Exercise objective: The lines from the one containing "81e42e15 3803 4acc" through the last line below, both ends included, must be reproduced exactly, with no pictures.
*****
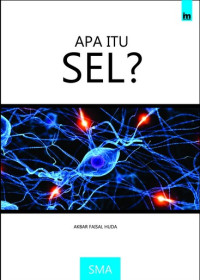 Image of APA ITU SEL?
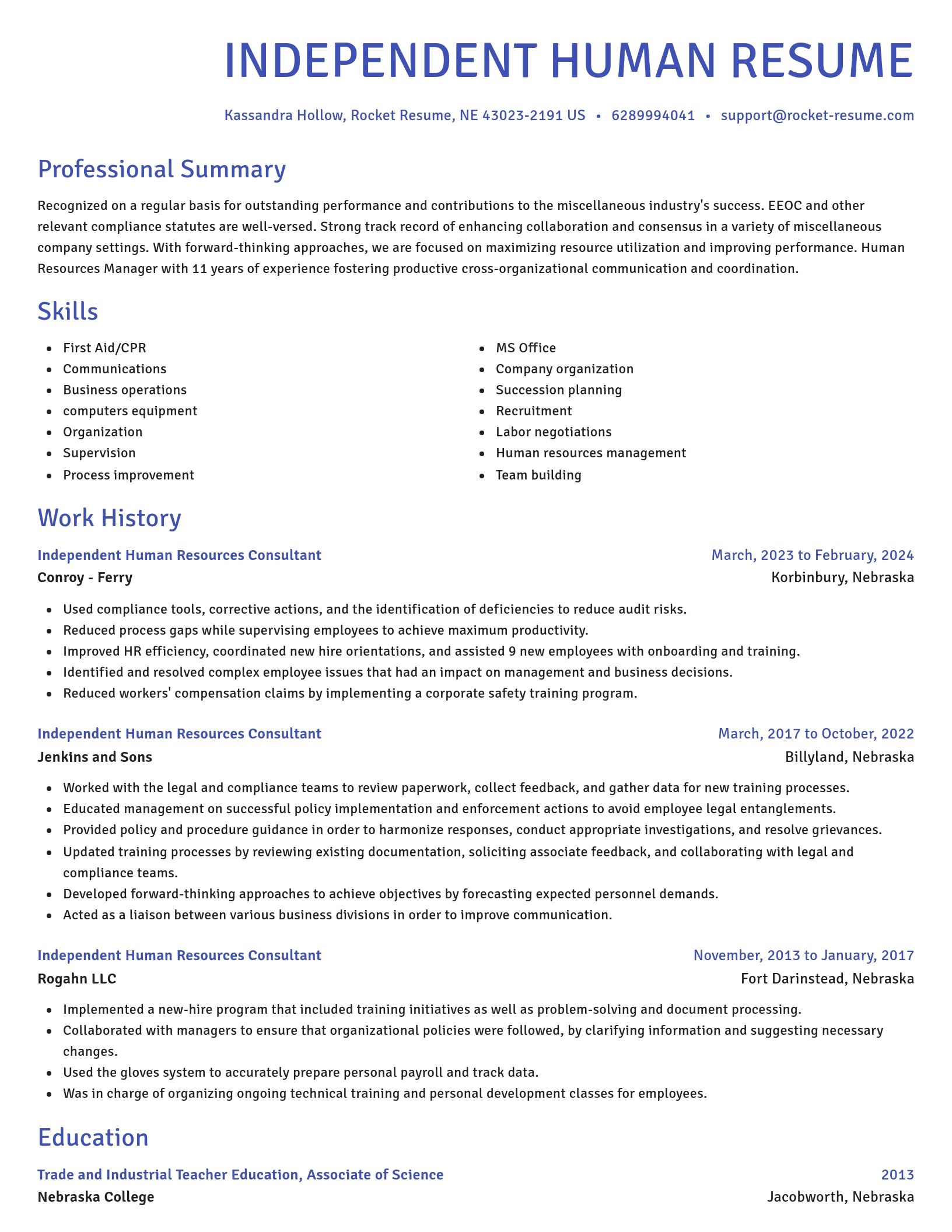 Novel resume template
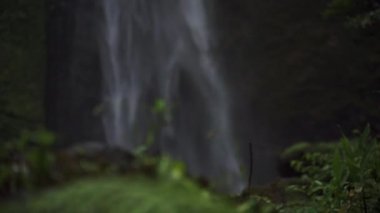 Bitkiler ve Hava Terjun Kabut Pelangi Şelalesi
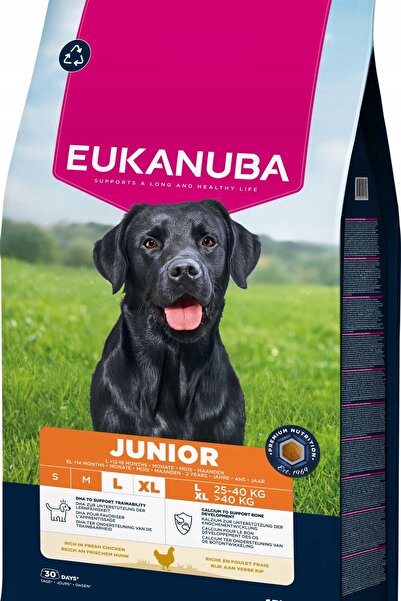 Eukanuba Pui pentru rase mari, junior, 15 kg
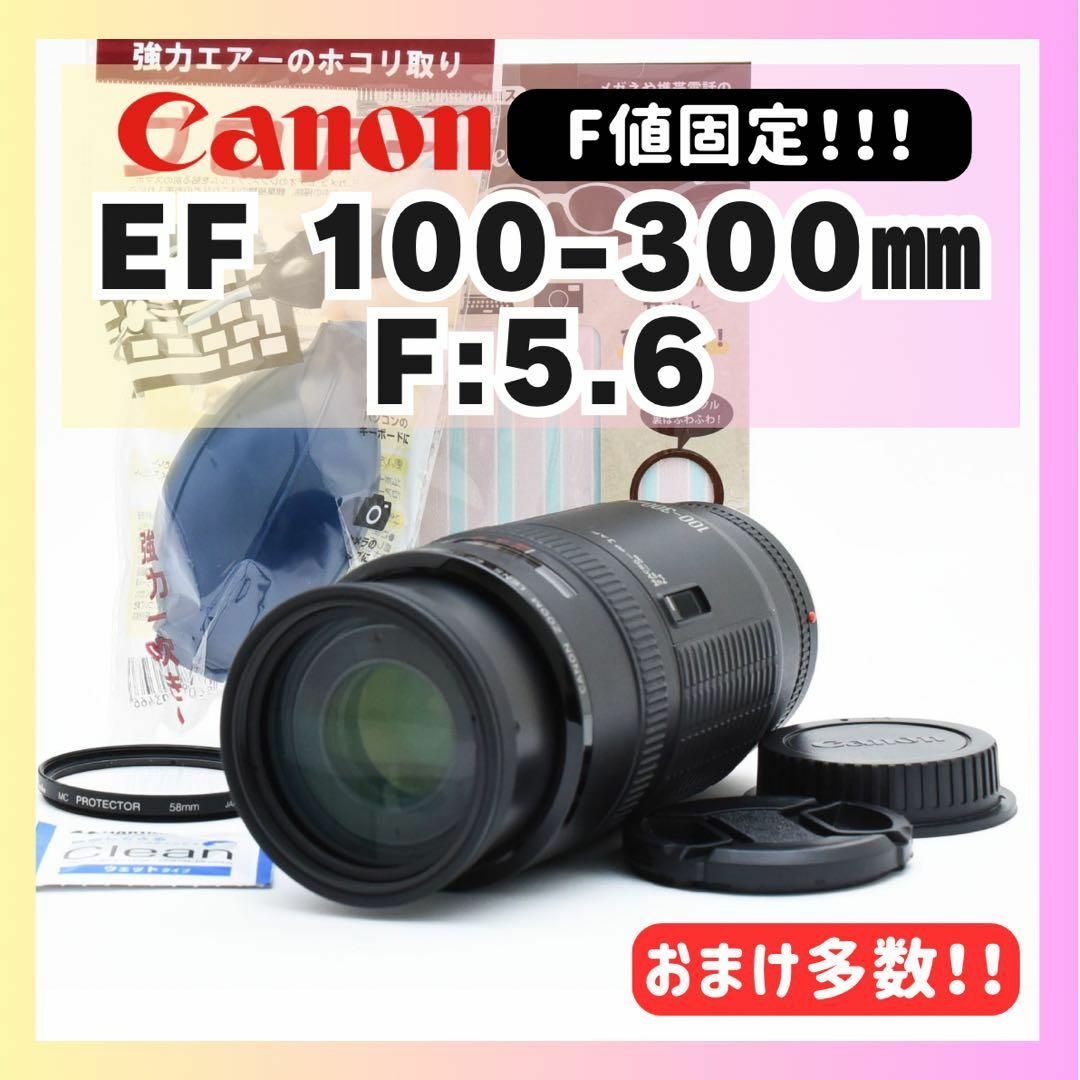 ✨エモ感・特上級✨F値固定✨✨Canon EF 100-300 超 ✨エモ感・特上級✨F値固定✨✨Canon EF 100-300 超
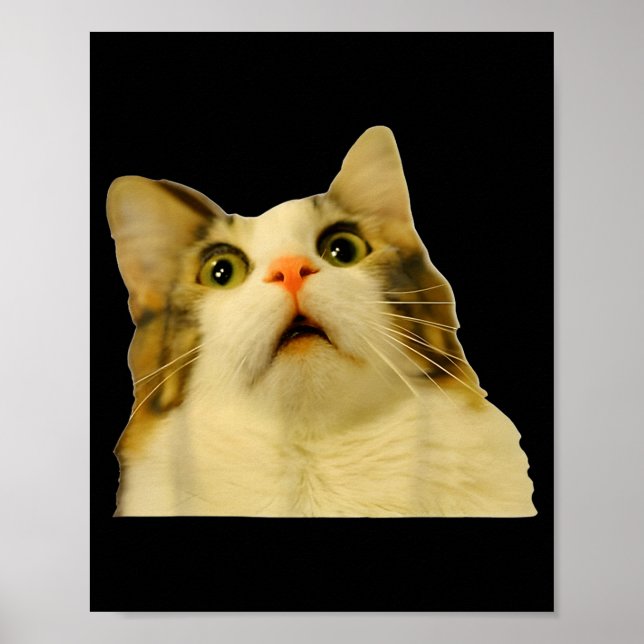 Cat Meme Shock Cat Face Funny Meme Cat Silly Gift  Poster (Vorne)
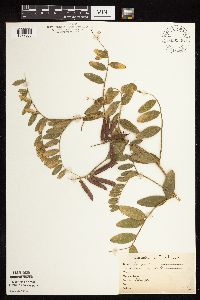 Lathyrus venosus image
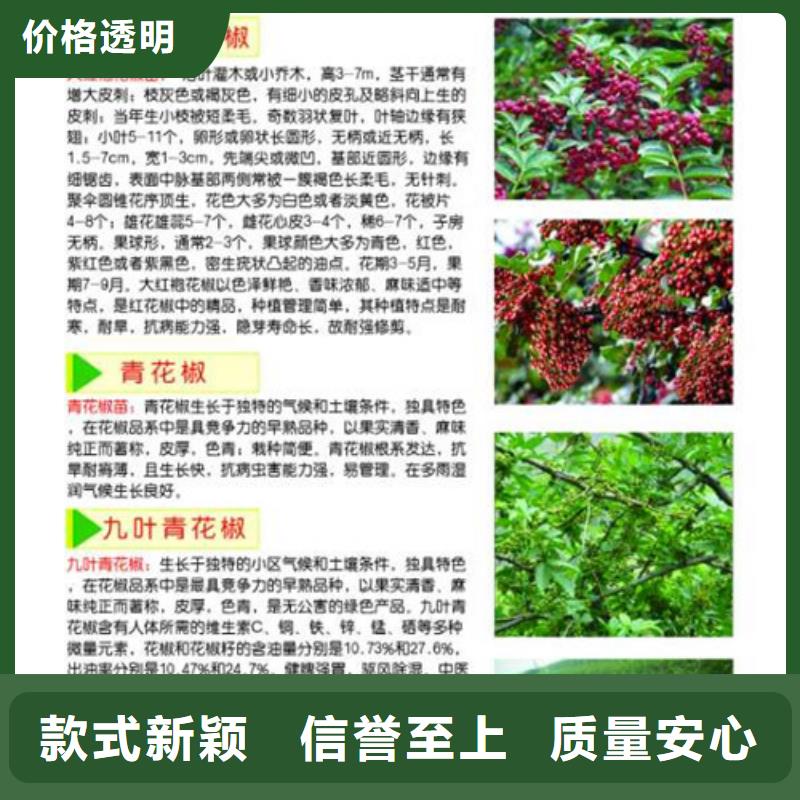 花椒苗精心打造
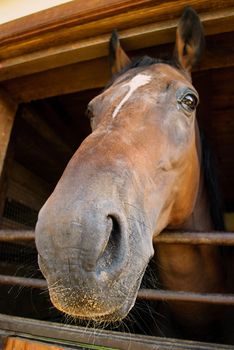 The horse's head looking out a stable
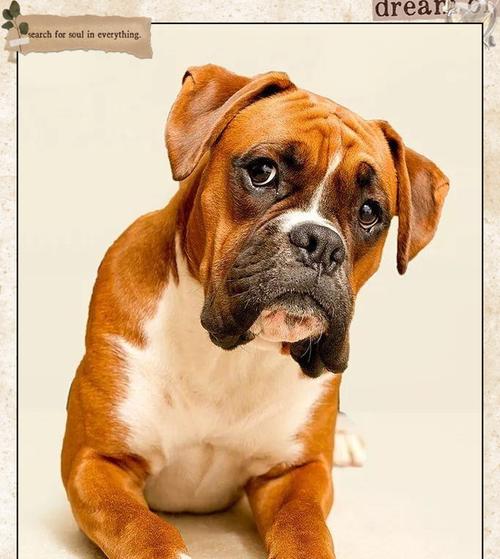 狗的脱毛周期及如何照顾（了解狗的脱毛周期，掌握正确的照顾方法）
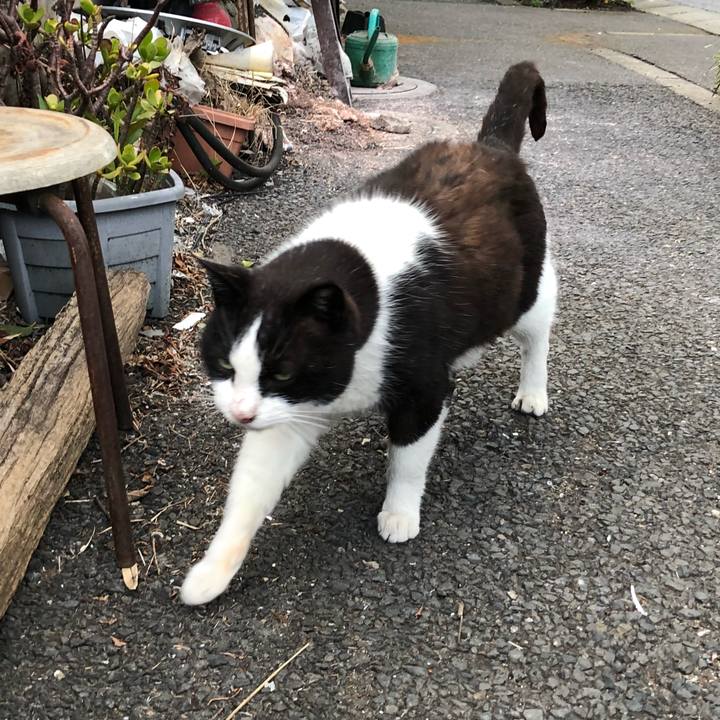 81e42e15 3803 4acc 97ba e674e255b83e 1521796002474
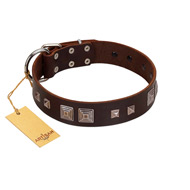 "Object of Virtu" FDT Artisan Brown Leather American Bulldog Collar with Old Silver-like Square Studs and Pyramids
*****
Response box:
 81e42e15 3803 4acc 97ba e674e255b83e 1521796002474
 "Object of Virtu" FDT Artisan Brown Leather American Bulldog Collar with Old Silver-like Square Studs and Pyramids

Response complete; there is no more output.